> [Stored data]:
______
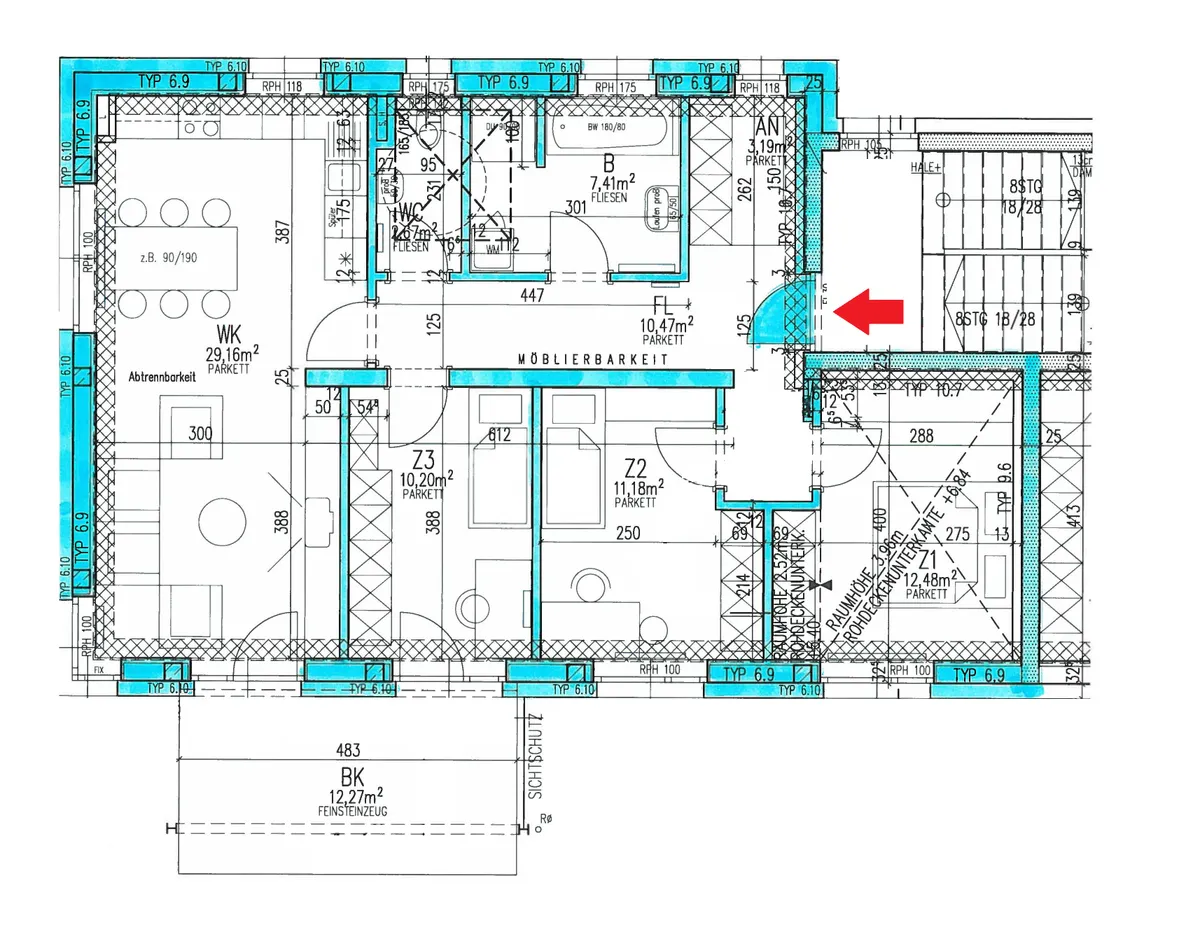 Sonnige 4-Zimmer-Wohnung im Obergeschoss mit großem Balkon - geförderte Miete ODER geförderte Miete mit Kaufoption - 4 Zimmer - Widok 2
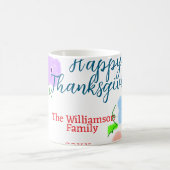 Blauer lila rosa glückliches Dankeschön hinzufügen Kaffeetasse (Mittel)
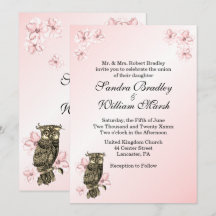Wen verheiratet rosa Owl Einladung Hochzeit
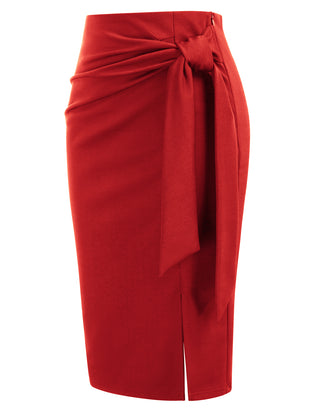 Bow-Knot Decorated Skirt High Waist Side Slit Bodycon Skirt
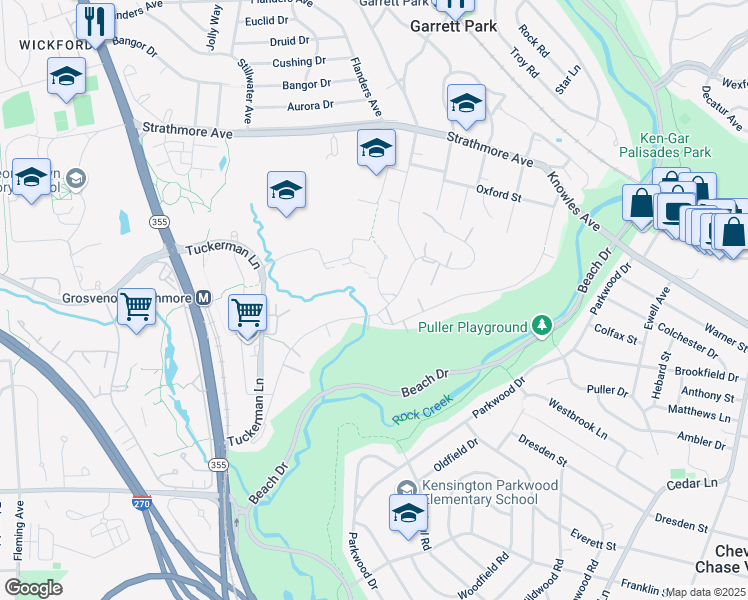 map of restaurants, bars, coffee shops, grocery stores, and more near 10520 Montrose Avenue in Bethesda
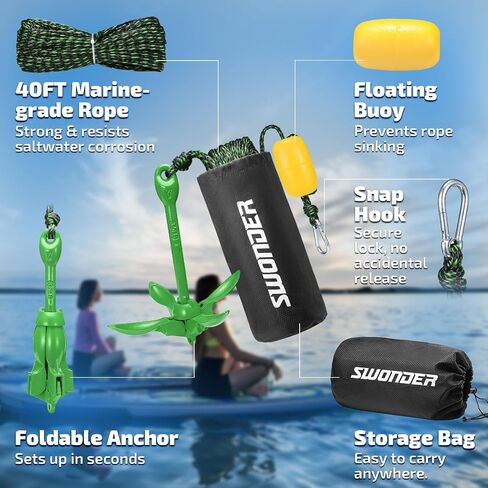 Swonder Kayak Anchor, 3.5lbs Folding Anchor Kit w/ 40ft Rope & Storage Bag, Complete Accessories Kit for Kayak, Paddle Board, Jet Ski and Small Boats in Kuwait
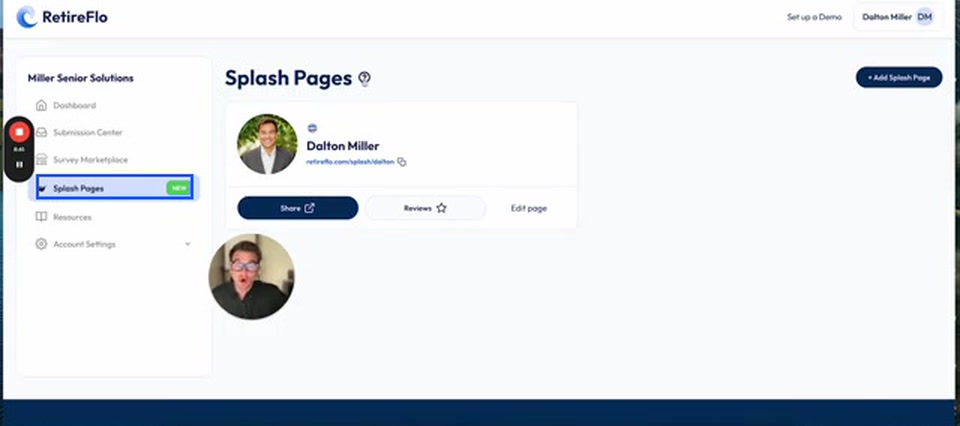 The Splash Pages section highlighted in the left menu of the RetireFlo dashboard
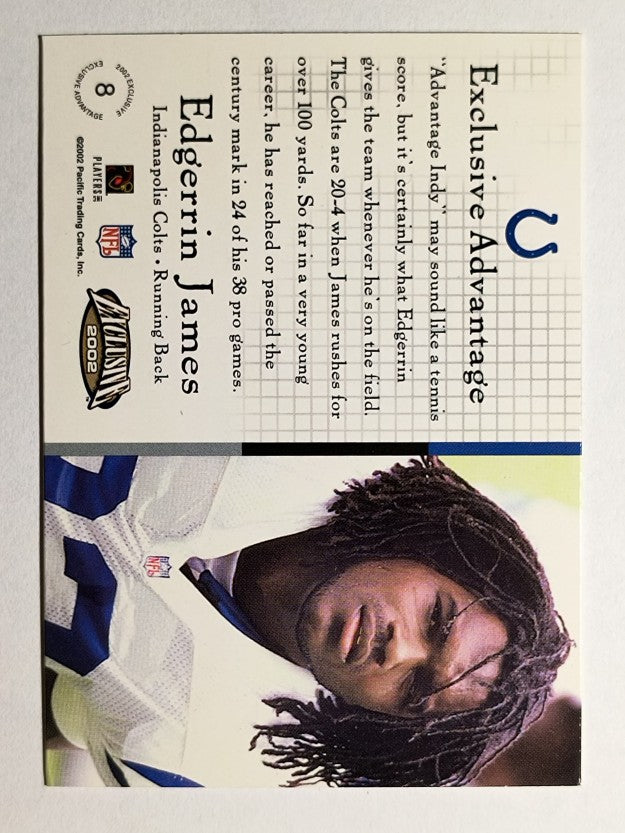 2002 Pacific Exclusive Advantage #8 Edgerrin James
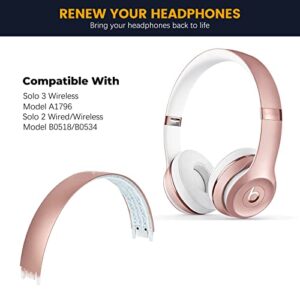 Solo 3 Headband Replacement Parts, OEM Quality Solo 2 Headband Accessories Replacement for Beats by Dre Solo3 Wireless/A1796 Solo2 Wired/Wireless(B0518/B0534) On-Ear Headphones (Rose Gold)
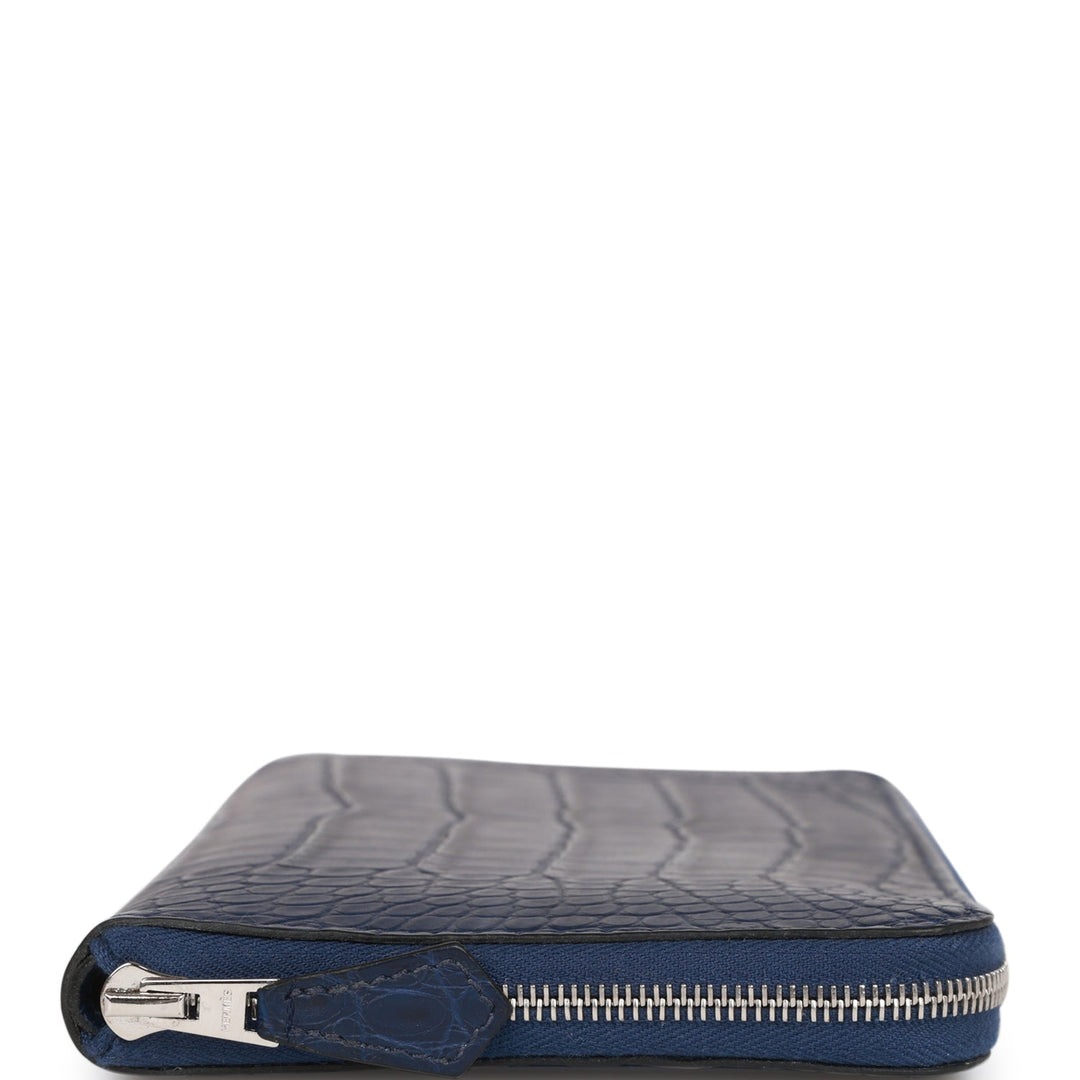 Top quality Hermes Azap Classic Wallet Bleu Saphir Matte Alligator Palladium Hardware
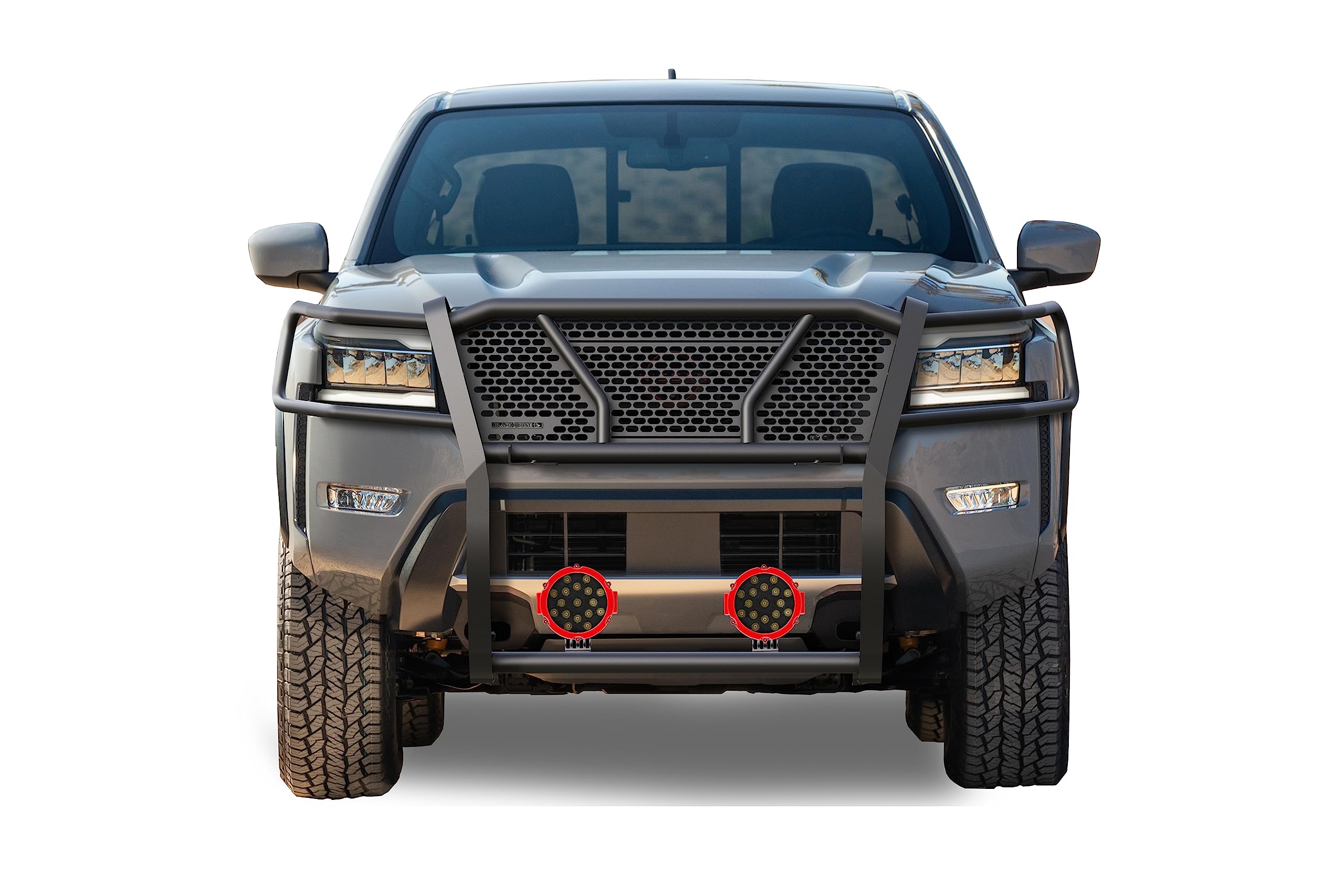 Heavy Duty Black Horse Rugged Grille Brush Bumper Guard Modular Black Come with Pair of 7.0" Dia.LED Lights with Red Trim Rings Compatible with 2022-2024 Nissan Frontier-RU-NIFR22-B-PLR
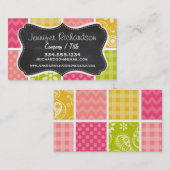 Carte De Visite Rose chaud, Saumon, Jaune et Vert mignonne À damie (Devant / Derrière)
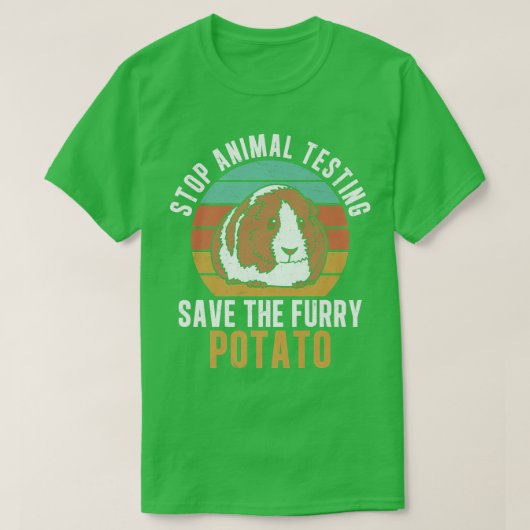 Stop Animal Testing Funny Furry Potato For Guinea T-shirt (Design voorkant)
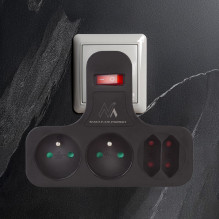 Maclean Current Socket, Quadruple with Switch, Stabilizing Foot, Type E, 2x2.5A, 2x16A, MCE224 E / B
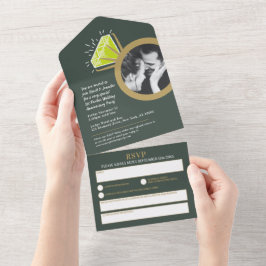 Invitación Todo En Uno fiesta de aniversario de bodas número 1 con anillo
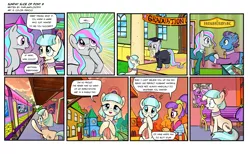 Size: 1920x1181 | Tagged: suggestive, artist:pencils, derpibooru import, coco pommel, plaid stripes, oc, oc:sweet dream, earth pony, pony, comic:sunday slice of pony, clothes, coco is an anal slut, comic, crying, female, flower, graduation, male, mare, missed opportunities, mistakes were made, mouth hold, necktie, paper, ponytail, realization, shirt, sitting, speech bubble, stallion, suit, sunset, tears of joy, train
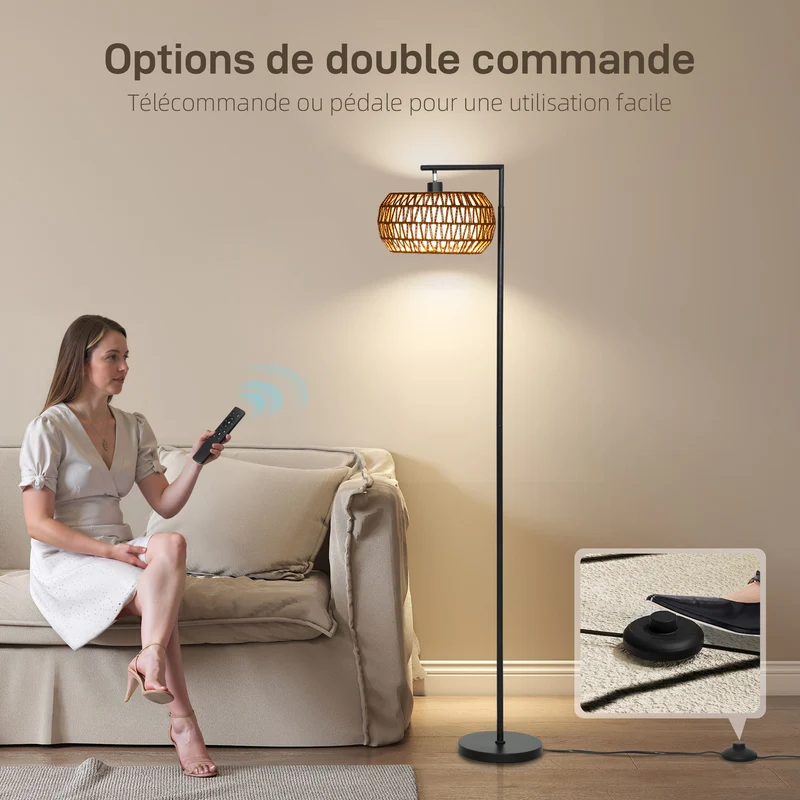 Lampadaire sur pied salon 52 x 33 x 170 cm variateur télécommande abat-jour double couche contemporain en acier noir 21_0007070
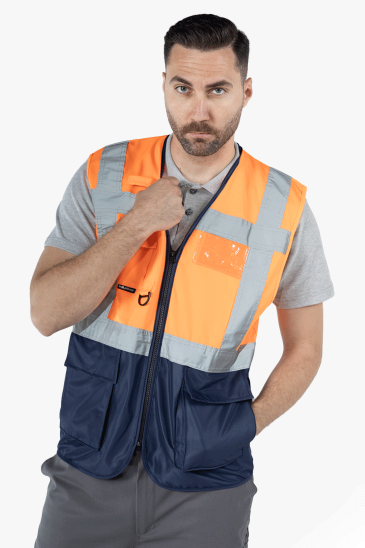 Mühendis İkaz Yeleği - Turuncu - Lacivert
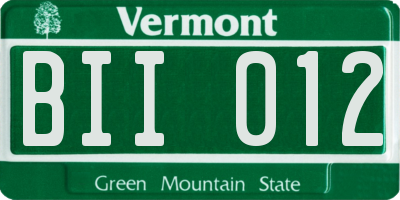 VT license plate BII012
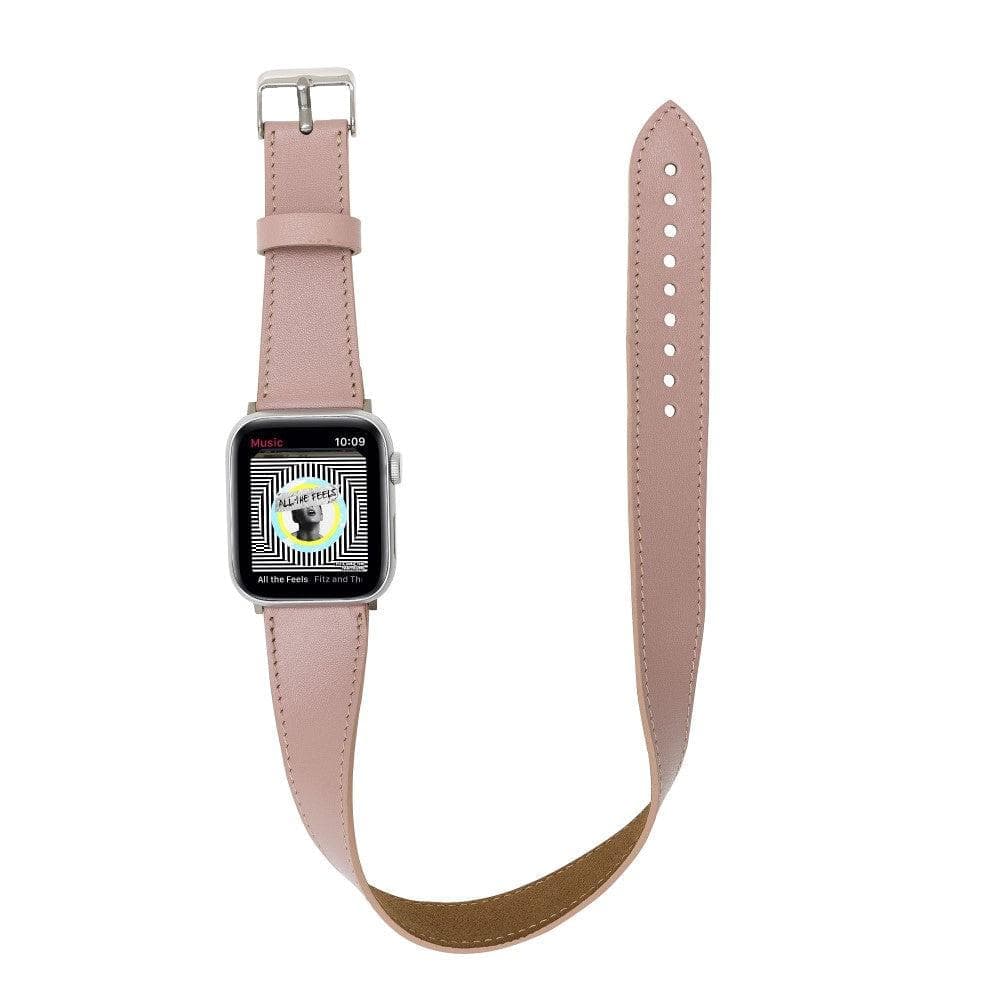 Luxury double wrap pink leather Apple Watch band by LEATHERE, featuring a stylish and elegant design for Apple Watch.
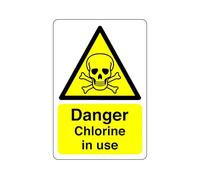 Danger Chlorine in use sign - 1.2mm Rigid plastic for indoor/outdoor usage (150mm x 100mm) Viewing Distance within 3m.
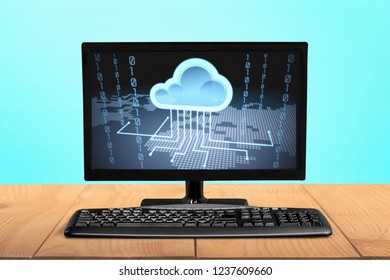 Desktop computer  and keyboard  on background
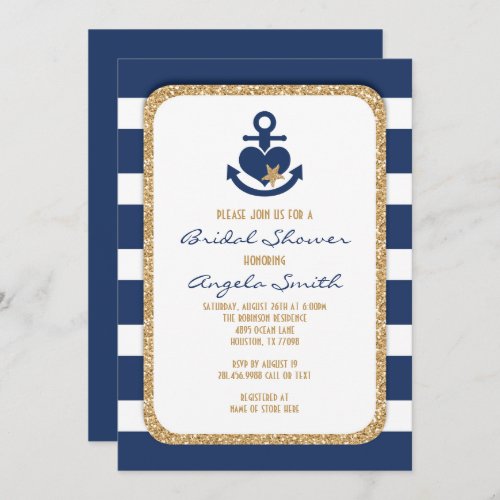 Nautical Navy  Gold Bridal Shower Invitation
______
Only the lines from the first line of the listing above through the line with "Bow-Knot Decorated Skirt" should be set down, exactly and without pictures.

 Sonnige 4-Zimmer-Wohnung im Obergeschoss mit großem Balkon - geförderte Miete ODER geförderte Miete mit Kaufoption - 4 Zimmer - Widok 2
 Blauer lila rosa glückliches Dankeschön hinzufügen Kaffeetasse (Mittel)
Wen verheiratet rosa Owl Einladung Hochzeit
 Bow-Knot Decorated Skirt High Waist Side Slit Bodycon Skirt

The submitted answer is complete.